Steen's Chronicle: Markets are confused. But why?

Markets are confused. But why?

Confusion is a word we have invented for an order which is not understood – Henry Miller 

Why are markets so confused? I am slightly perplexed at why the market has such a hard time comprehending and adjusting to the subtle changes made by the Fed over the last two FOMC meetings. To me the Fed's actions appear rather straightforward and logical, and this may be a good thing for markets and the next recovery phase. 

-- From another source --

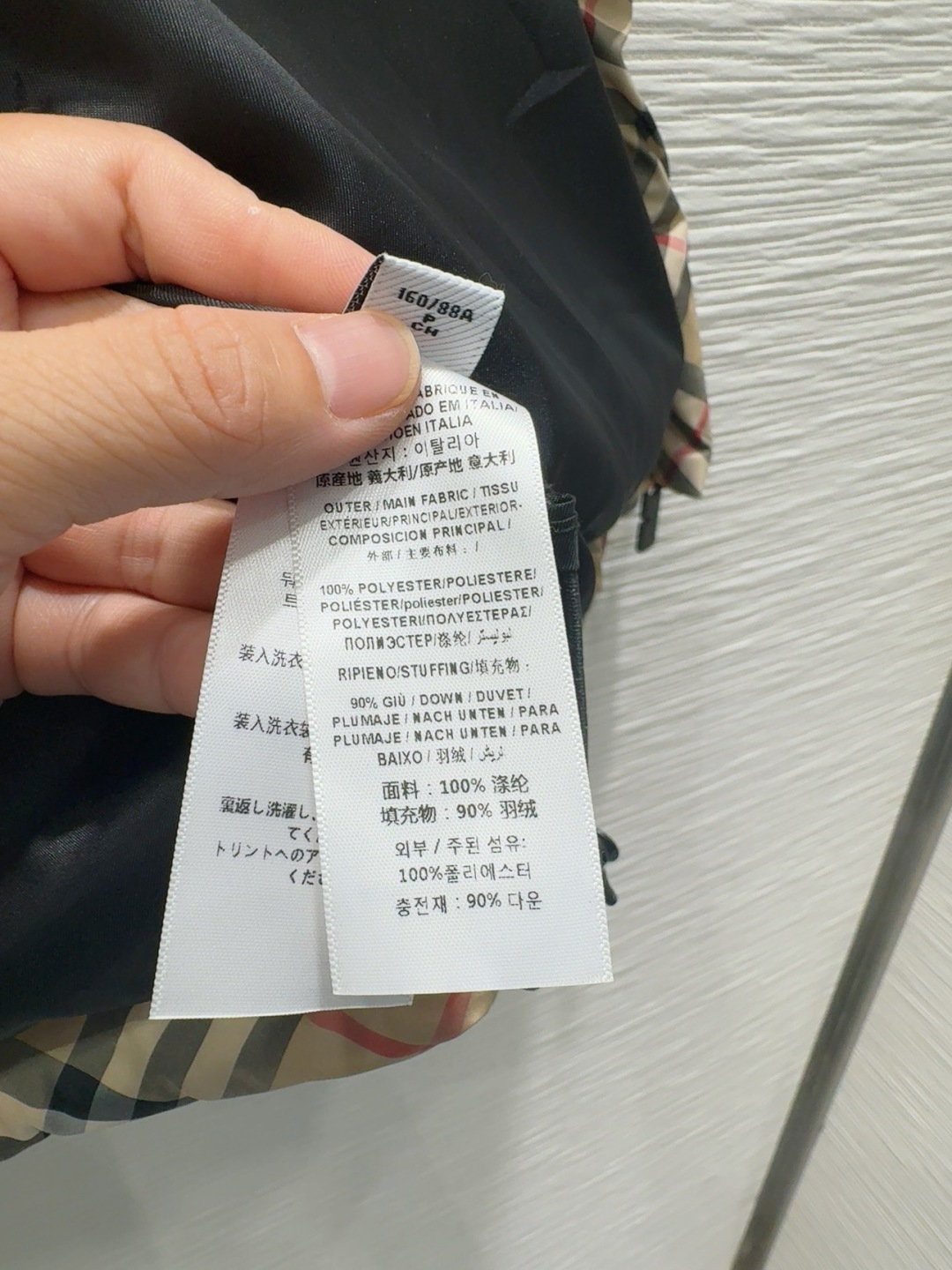 🛍️Burberr*👑2025FW新款羽绒服 90%羽绒 整体保暖效果拉满，常规羽绒服 休闲时尚，经典l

Three conclusions should be drawn from the latest FOMC text and press conference: 

1.    Chairman Bernanke is done as Chairman – He had enough class in the press conference this week to make sure everything was about monetary policy and the job at hand rather than a focus on his own agenda and persona. Let me also for the record state this: I have never been a friend of Bernanke's theories and stewardship during this crisis – he has taken the US directly into a debt trap with the false premise of the "wealth effect" based on super-easy money. But I do respect his integrity, even his firm belief in his agenda, and at all times he has been measured in his communication and shown great respect for the office of the Chairman of the Federal Reserve. His predecessor Greenspan made the FOMC into a personal PR campaign for his own brilliance (or lack thereof). Chairman Bernanke has re-established the "office of Chairman" to its rightful position. Who comes next is a totally different story and scary if any of the prominent names mentioned thus far are nominated. (Likely candidates to succeed Fed's Bernanke in 2014)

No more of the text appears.